Offutt AFB, Neb., is beginning to analyze the damage from extensive floods that wrecked the base and surrounding region, but while dozens of buildings took on water, the base’s strategically important aircraft stayed safe.

Massive flooding hit Nebraska, Iowa, and South Dakota beginning Friday, killing at least three people and leaving hundreds of square miles under water. Offutt took the worst damage on its southeastern portion, where most of the flight operations buildings, hangars, and the flightline itself are located, base spokesman Ryan Hansen told Air Force Magazine.

The base was able to move nine of its aircraft away from the base—eight RC-135 Rivet Joints and one E-4B Nightwatch. Four aircraft remained—three 135s and one E-4B. Those aircraft were moved to a part of the flight line on higher ground, and are safe, Hansen said.

The buildings next to the flightline were hardest hit. The majority of the base’s aircraft hangars, maintenance facilities, the 55th Wing headquarters building,  97th Intelligence Squadron bui­lding, the 343rd Reconnaissance Squadron building, and the 55th Security Forces building were all flooded. Overall, about 30 buildings were damaged. The 55th Wing flew in a portable dam to try to protect the building holding its high-tech flight simulators, but it could not be deployed in time, Hansen said.

Airmen filled more than 235,000 sandbags and deployed more than 460 flood barriers to try to minimize the damage, but aerial photographs show much of the southeast portion of the base underwater.

The current US Strategic Command headquarters building, along with the new $1.3 billion headquarters facility set to open by the end of the year, are safe. Additionally, base housing is not in the affected area, Hansen said.

The base is starting to analyze aerial pictures, but it is too early for an accurate assessment of the damage, Hansen said. Only mission essential personnel reported to duty as Offutt’s main gate remain closed. Despite the heavy damage to the southeastern portion of the base, the rest of the base is “fine” and remains fully operational, he said.

Col. Michael Manion, commander of the 55th Wing, said on Facebook, “It is extremely clear that we face a grand challenge.
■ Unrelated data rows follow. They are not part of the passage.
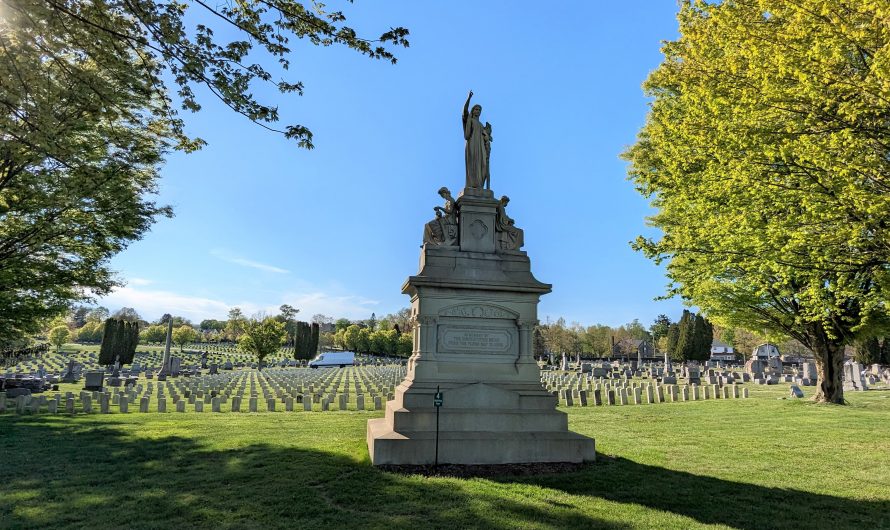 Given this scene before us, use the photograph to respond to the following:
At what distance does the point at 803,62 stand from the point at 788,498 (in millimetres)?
7261

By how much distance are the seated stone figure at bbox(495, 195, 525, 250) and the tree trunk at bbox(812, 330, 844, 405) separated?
14265 mm

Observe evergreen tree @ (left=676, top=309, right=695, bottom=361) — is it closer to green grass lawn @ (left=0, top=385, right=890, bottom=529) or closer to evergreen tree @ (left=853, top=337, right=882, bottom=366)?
evergreen tree @ (left=853, top=337, right=882, bottom=366)

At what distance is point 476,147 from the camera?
10.0 meters

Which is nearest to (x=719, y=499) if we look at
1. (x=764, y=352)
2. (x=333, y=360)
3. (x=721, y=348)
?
(x=333, y=360)

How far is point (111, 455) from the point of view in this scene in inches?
329

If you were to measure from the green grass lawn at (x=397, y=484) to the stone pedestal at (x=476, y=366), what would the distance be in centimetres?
77

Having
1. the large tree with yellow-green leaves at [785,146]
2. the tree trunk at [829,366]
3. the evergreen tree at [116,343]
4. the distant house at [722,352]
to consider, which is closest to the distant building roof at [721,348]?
the distant house at [722,352]

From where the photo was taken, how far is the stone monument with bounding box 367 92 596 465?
780 cm

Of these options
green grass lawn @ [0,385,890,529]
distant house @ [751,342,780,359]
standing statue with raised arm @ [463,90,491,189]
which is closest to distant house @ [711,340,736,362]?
distant house @ [751,342,780,359]

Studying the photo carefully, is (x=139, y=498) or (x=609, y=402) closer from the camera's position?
(x=139, y=498)

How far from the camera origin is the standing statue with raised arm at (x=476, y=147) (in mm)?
9773

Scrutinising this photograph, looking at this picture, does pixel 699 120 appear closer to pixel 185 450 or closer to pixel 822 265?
pixel 822 265

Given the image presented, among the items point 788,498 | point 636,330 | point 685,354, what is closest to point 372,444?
point 788,498

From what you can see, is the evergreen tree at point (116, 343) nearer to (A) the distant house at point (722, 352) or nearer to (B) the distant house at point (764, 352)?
(B) the distant house at point (764, 352)
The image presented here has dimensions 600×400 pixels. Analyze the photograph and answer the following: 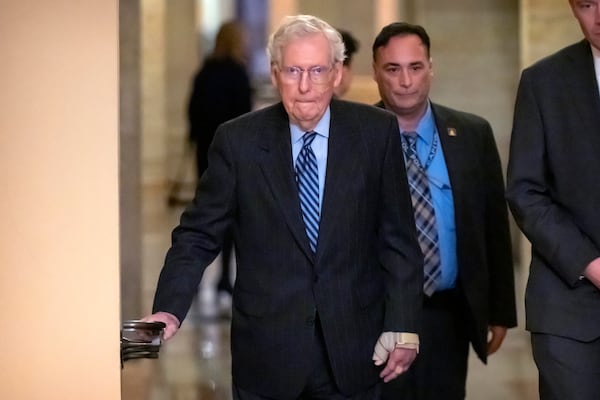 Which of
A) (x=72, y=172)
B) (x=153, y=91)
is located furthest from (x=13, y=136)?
(x=153, y=91)

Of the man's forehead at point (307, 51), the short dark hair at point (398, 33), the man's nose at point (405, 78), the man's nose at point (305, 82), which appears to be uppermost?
the short dark hair at point (398, 33)

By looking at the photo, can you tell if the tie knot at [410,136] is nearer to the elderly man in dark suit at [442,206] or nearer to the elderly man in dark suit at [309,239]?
the elderly man in dark suit at [442,206]

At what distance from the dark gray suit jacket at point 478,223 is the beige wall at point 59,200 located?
6.73ft

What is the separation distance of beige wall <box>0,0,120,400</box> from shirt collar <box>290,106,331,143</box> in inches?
34.2

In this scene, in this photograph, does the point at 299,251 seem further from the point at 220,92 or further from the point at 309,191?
the point at 220,92

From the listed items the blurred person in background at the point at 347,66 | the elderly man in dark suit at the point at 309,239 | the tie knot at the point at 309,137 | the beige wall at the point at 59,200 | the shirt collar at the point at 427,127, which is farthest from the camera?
the blurred person in background at the point at 347,66

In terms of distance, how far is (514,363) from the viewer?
802cm

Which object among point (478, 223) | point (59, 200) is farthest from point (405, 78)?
point (59, 200)

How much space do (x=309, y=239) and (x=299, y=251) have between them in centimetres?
5

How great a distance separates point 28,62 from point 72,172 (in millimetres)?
274

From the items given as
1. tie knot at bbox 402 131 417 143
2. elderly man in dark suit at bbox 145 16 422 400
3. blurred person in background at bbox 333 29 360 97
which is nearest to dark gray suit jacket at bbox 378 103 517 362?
tie knot at bbox 402 131 417 143

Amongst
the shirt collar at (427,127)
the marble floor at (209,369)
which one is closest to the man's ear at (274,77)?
the shirt collar at (427,127)

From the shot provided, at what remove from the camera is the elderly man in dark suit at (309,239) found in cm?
382

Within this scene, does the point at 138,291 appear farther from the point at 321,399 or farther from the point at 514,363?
the point at 321,399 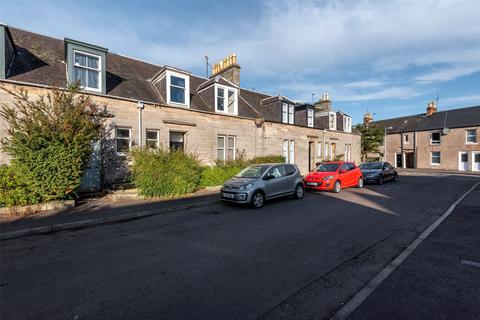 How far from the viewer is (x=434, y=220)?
7.18 meters

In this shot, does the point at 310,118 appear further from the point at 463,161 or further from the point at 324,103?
the point at 463,161

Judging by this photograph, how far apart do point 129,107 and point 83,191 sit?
15.0 ft

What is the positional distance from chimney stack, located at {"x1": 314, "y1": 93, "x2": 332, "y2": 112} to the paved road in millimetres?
20872

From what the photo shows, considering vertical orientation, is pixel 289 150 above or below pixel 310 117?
below

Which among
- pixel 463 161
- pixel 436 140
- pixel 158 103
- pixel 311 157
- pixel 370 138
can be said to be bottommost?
pixel 463 161

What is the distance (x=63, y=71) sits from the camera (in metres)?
11.5

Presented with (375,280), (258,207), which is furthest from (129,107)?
(375,280)

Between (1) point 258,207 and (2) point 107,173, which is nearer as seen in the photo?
(1) point 258,207

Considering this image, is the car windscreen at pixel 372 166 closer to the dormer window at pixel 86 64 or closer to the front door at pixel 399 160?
the dormer window at pixel 86 64

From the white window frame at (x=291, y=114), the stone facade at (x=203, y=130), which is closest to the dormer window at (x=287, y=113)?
the white window frame at (x=291, y=114)

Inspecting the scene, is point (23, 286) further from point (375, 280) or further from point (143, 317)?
point (375, 280)

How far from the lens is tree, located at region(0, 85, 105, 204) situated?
305 inches

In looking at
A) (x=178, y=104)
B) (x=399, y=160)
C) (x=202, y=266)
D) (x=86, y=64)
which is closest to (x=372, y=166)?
(x=178, y=104)

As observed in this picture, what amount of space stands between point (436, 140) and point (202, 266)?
42.0m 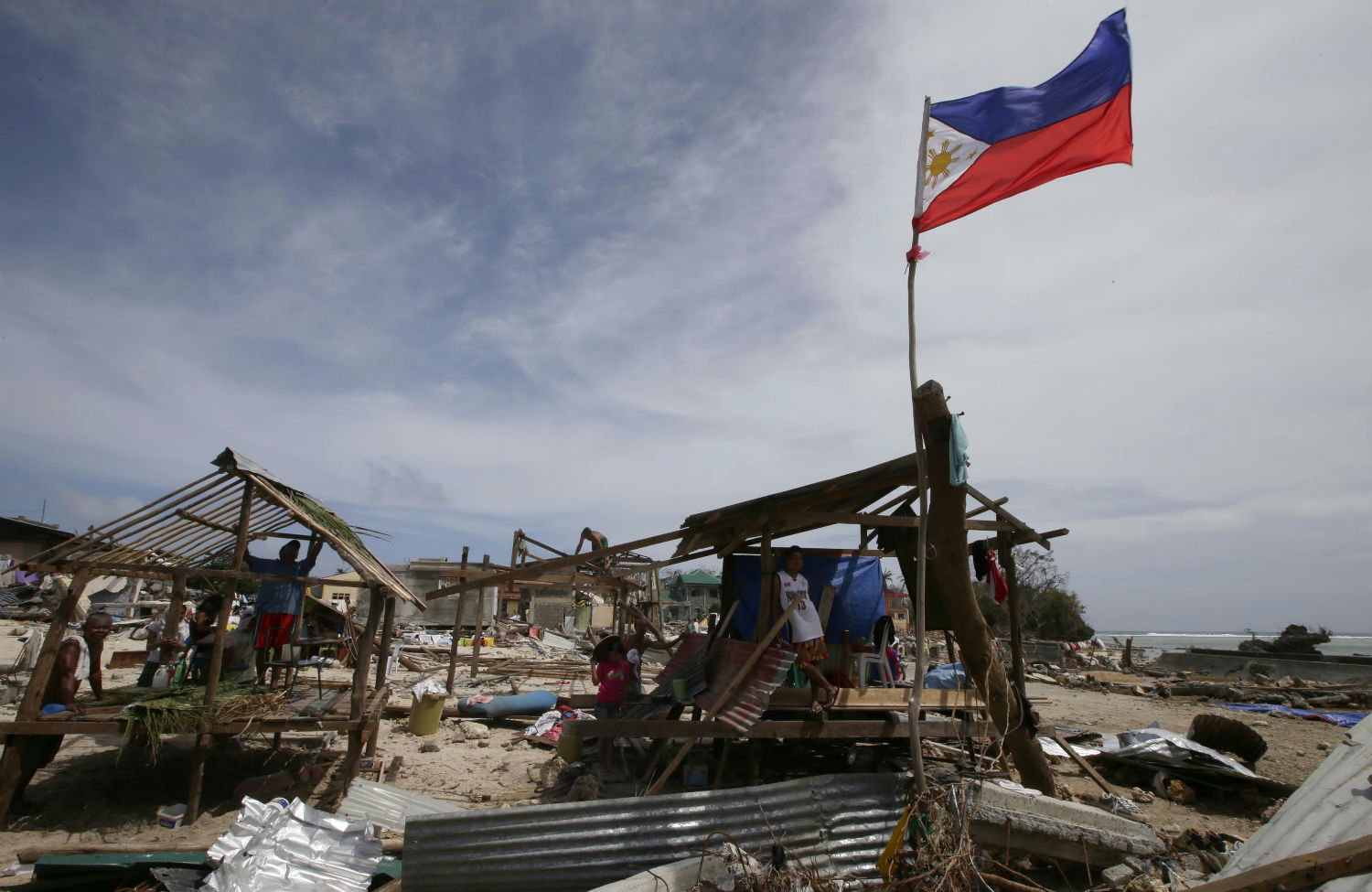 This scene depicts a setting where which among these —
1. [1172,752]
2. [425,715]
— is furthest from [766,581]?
[425,715]

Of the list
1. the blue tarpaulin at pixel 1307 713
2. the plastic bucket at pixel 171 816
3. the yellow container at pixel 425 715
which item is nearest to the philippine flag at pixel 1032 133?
the plastic bucket at pixel 171 816

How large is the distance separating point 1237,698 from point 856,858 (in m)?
19.8

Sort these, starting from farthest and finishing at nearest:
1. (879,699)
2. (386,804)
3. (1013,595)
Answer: (1013,595), (879,699), (386,804)

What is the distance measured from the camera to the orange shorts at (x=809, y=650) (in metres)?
7.77

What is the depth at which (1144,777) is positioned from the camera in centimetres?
973

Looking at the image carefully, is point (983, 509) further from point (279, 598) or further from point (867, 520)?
point (279, 598)

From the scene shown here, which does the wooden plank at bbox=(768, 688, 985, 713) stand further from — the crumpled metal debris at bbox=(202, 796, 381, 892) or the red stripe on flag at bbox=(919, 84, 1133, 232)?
the red stripe on flag at bbox=(919, 84, 1133, 232)

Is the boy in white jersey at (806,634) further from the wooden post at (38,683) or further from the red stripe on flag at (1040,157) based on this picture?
the wooden post at (38,683)

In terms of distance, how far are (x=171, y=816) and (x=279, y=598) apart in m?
2.54

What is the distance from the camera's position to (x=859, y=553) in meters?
9.70

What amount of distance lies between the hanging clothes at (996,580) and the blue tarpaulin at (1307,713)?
1148 cm

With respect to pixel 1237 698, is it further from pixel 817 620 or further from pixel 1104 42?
pixel 1104 42

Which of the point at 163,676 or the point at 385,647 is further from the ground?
the point at 385,647

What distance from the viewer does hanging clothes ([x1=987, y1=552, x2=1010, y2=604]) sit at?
8.81 metres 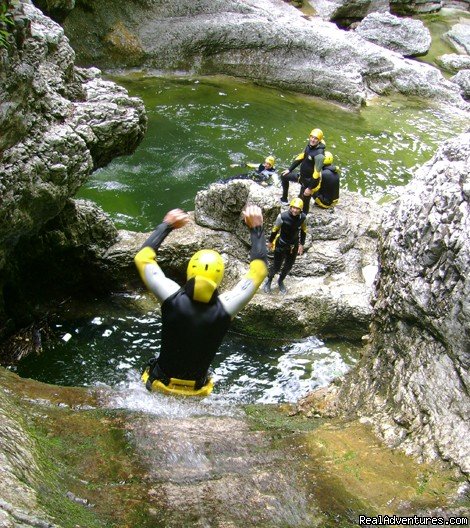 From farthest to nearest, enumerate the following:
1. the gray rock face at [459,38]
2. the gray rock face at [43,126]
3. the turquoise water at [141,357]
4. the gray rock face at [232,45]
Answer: the gray rock face at [459,38] < the gray rock face at [232,45] < the turquoise water at [141,357] < the gray rock face at [43,126]

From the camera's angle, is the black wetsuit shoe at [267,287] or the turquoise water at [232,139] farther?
the turquoise water at [232,139]

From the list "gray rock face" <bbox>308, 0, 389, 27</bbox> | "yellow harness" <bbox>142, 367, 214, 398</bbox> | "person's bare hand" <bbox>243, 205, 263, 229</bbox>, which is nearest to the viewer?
"person's bare hand" <bbox>243, 205, 263, 229</bbox>

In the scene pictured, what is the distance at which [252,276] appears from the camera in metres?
4.68

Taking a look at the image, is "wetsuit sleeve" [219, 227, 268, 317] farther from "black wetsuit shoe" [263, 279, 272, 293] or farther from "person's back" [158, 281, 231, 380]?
"black wetsuit shoe" [263, 279, 272, 293]

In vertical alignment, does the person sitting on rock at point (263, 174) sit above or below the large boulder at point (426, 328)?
below

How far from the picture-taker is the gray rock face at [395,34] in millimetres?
22266

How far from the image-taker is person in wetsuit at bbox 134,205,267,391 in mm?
4320

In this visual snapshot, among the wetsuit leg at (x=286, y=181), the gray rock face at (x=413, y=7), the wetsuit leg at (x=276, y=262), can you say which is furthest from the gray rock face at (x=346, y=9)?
the wetsuit leg at (x=276, y=262)

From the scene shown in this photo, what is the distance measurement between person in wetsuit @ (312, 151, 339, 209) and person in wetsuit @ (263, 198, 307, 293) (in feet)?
6.25

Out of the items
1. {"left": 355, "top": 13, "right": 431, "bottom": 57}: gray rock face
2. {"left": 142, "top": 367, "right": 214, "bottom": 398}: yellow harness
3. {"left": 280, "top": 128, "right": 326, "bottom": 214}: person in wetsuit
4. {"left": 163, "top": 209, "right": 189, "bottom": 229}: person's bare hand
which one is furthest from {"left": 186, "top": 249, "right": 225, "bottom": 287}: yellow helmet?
{"left": 355, "top": 13, "right": 431, "bottom": 57}: gray rock face

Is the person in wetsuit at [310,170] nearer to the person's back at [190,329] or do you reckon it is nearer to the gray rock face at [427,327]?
the gray rock face at [427,327]

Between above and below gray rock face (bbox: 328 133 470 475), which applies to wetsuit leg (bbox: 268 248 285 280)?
below

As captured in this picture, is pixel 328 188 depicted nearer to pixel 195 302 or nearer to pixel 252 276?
pixel 252 276

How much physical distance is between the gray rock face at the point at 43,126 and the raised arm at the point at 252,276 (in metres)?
2.94
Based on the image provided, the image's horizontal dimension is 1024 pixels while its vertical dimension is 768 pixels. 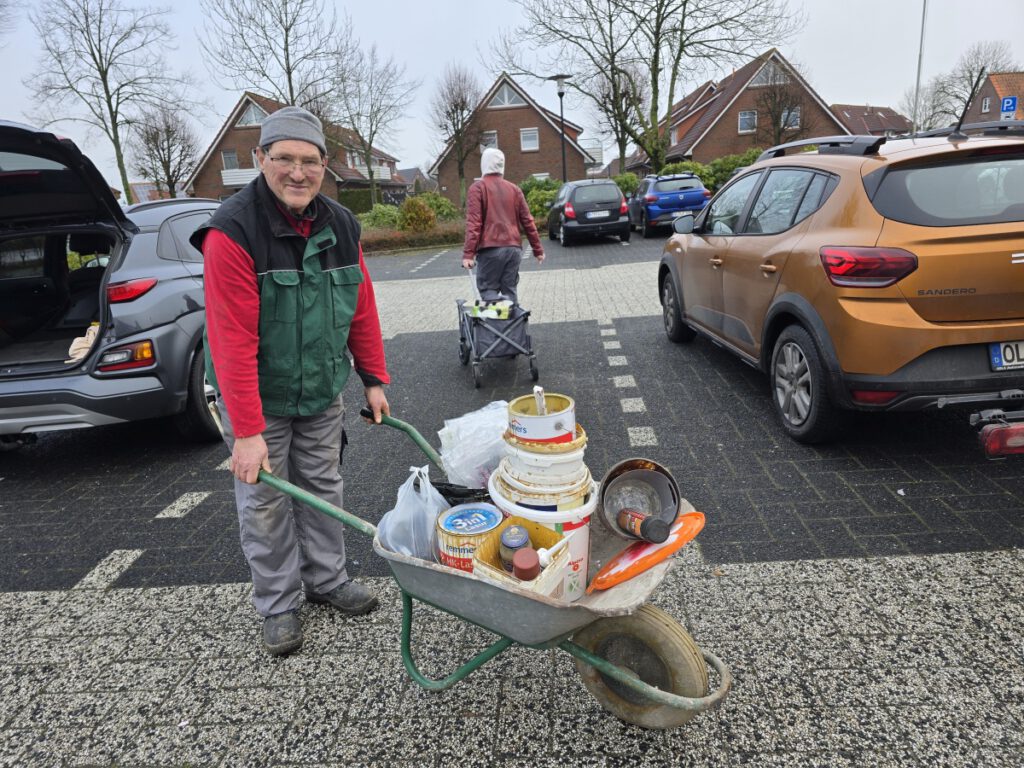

The Warhawks are up to the task but it will be a steady recovery.”

The flood damage appears to be more serious than the June 2017 tornado that touched down in the same part of the base that is currently under water. That tornado damaged seven RC-135s and two E-4Bs, along with structures on the flightline.

The storm also comes as the Air Force is still determining how it will rebuild another Air Combat Command base severely damaged by a natural disaster. Most of Tyndall AFB, Fla., was destroyed when a hurricane directly hit the base in October. Air Force Secretary Heather Wilson told lawmakers last week it expects to need about $1 billion to start recovering the Florida base.